La advertencia fue hecha por Gabriel Delgado Toral, investigador de la Facultad de Economía de la Universidad Nacional Autónoma de México (UNAM), quien señaló que el nuevo formato de la Copa del Mundo será un detonante directo para el mercado digital de apuestas. El torneo tendrá 48 selecciones y 104 partidos, una expansión que multiplica las ventanas de juego y exposición para los usuarios.

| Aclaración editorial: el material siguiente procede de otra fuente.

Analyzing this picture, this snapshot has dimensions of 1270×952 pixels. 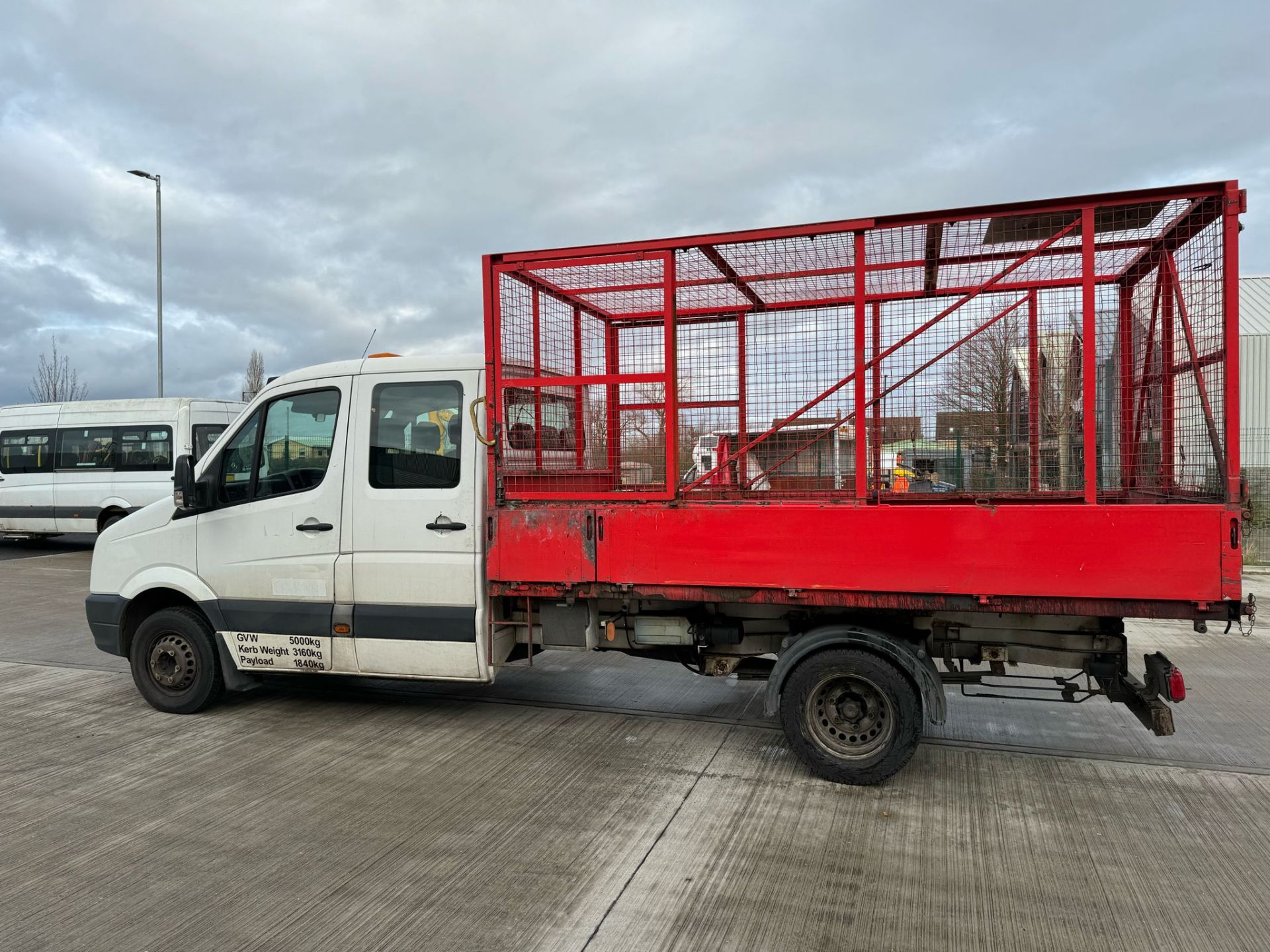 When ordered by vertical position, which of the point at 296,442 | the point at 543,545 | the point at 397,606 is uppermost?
the point at 296,442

El académico consideró que las apuestas online serán el principal “foco rojo” durante el Mundial. Su preocupación apunta especialmente a las microapuestas, es decir, apuestas realizadas durante el desarrollo de los partidos sobre eventos específicos: próximo córner, próximo gol, tarjetas, tiros al arco o resultados parciales. Ese tipo de mercado aumenta la frecuencia de participación y puede elevar el riesgo de conductas compulsivas.
La dimensión del torneo explica parte del fenómeno. La Copa Mundial 2026 se disputará en México, Estados Unidos y Canadá, con una duración extendida y más encuentros que cualquier edición anterior. Esa estructura no solo representa más fútbol; también significa más oportunidades comerciales para plataformas de apuestas, casas deportivas, patrocinadores y operadores digitales.
Según el reporte difundido por Diario Libre, expertos de la UNAM prevén que hasta el 43 % de los fanáticos podría arriesgar capital de forma digital durante la competencia. Ese dato refleja una transformación en la forma de consumir el deporte: el aficionado ya no solo mira el partido, sino que interactúa en tiempo real con mercados, cuotas y promociones dentro de aplicaciones móviles.
El crecimiento no se limita a México. Diversos reportes internacionales apuntan a que el Mundial 2026 será uno de los eventos más grandes para la industria global de apuestas deportivas. En Estados Unidos, se ha proyectado que el torneo podría generar más de US$5,500 millones en apuestas deportivas y mercados de predicción, mientras otros análisis estiman ingresos globales por encima de US$50,000 millones para operadores del sector.
El problema, advierten los especialistas, es que el crecimiento del negocio llega acompañado de mayores riesgos sociales. La facilidad para apostar desde el celular, la publicidad agresiva, los bonos de bienvenida y la posibilidad de jugar durante los partidos pueden aumentar la exposición de jóvenes y usuarios vulnerables a la ludopatía.
El Mundial también llega en un momento en que las casas de apuestas han ganado presencia en el ecosistema deportivo. Patrocinios, anuncios en transmisiones, acuerdos con equipos y campañas digitales han normalizado la relación entre fútbol y apuestas. Esa cercanía puede generar más ingresos, pero también exige controles claros para evitar que la emoción deportiva se convierta en una puerta de entrada a problemas financieros y psicológicos.
Para las autoridades, el desafío será doble: regular un mercado en expansión y proteger al consumidor sin frenar completamente una industria que mueve miles de millones. Eso implica mayor supervisión de plataformas, restricciones de publicidad dirigida a menores, herramientas de autoexclusión, límites de depósito, alertas de juego responsable y vigilancia sobre operadores no autorizados.
El Mundial 2026 promete ser el más grande de la historia en número de partidos, sedes y audiencias. Pero también puede convertirse en una prueba para los sistemas de regulación digital. La fiesta del fútbol comenzará con estadios llenos y millones de pantallas conectadas; detrás de esa pasión, el mercado de apuestas se prepara para una expansión sin precedentes.